Extracted entries: Begin

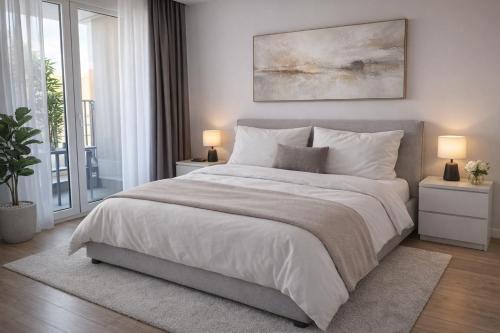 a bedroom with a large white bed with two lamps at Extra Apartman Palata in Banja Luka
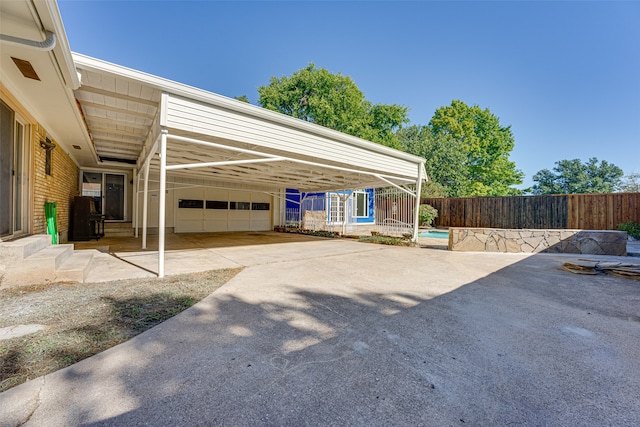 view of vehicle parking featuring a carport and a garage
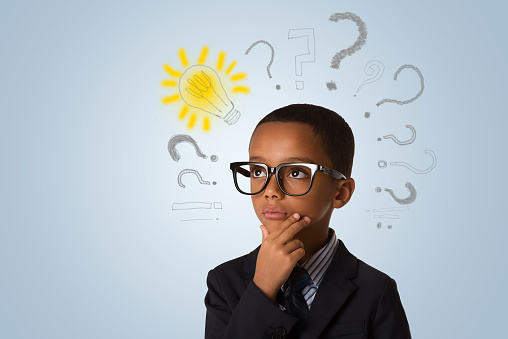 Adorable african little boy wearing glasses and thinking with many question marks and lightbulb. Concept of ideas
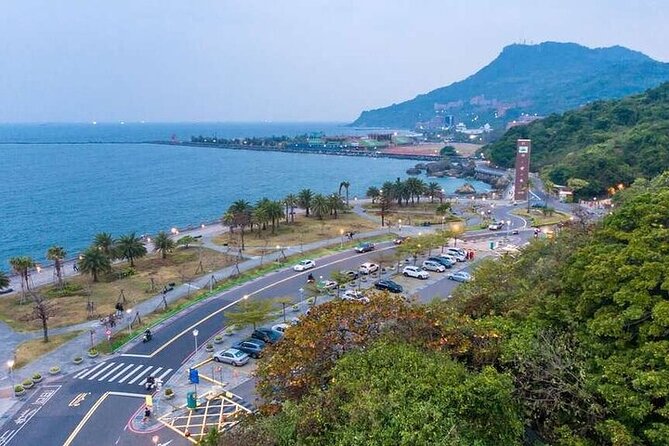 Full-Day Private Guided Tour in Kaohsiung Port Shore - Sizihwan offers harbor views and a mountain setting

Extracted entries: End
Extracted entries: Begin

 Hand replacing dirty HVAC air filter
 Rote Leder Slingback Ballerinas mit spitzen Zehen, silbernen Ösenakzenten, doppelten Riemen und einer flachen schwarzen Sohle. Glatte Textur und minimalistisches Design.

Extracted entries: End
Extracted entries: Begin

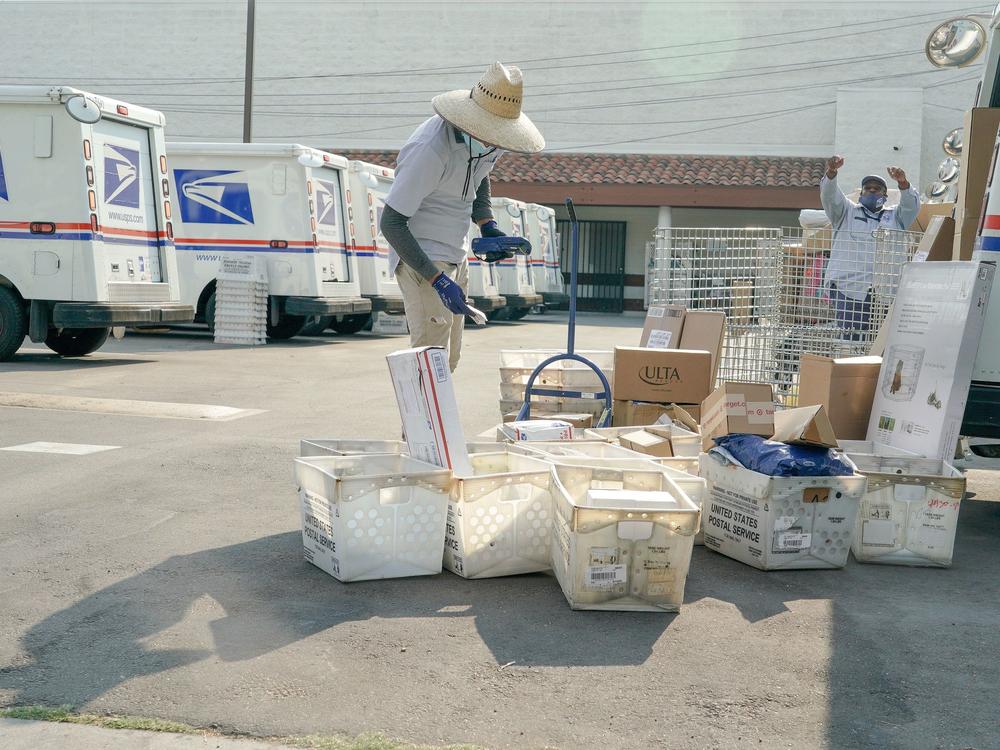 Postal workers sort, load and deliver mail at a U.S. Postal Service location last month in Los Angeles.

Extracted entries: End

### Task directions
When you reach the line with "view of vehicle" in the records above, begin repeating the lines exactly, and stop after the line with "Full-Day Private Guided". Skip all pictures.

### Answer to this exercise
 view of vehicle parking featuring a carport and a garage
 Adorable african little boy wearing glasses and thinking with many question marks and lightbulb. Concept of ideas
 Full-Day Private Guided Tour in Kaohsiung Port Shore - Sizihwan offers harbor views and a mountain setting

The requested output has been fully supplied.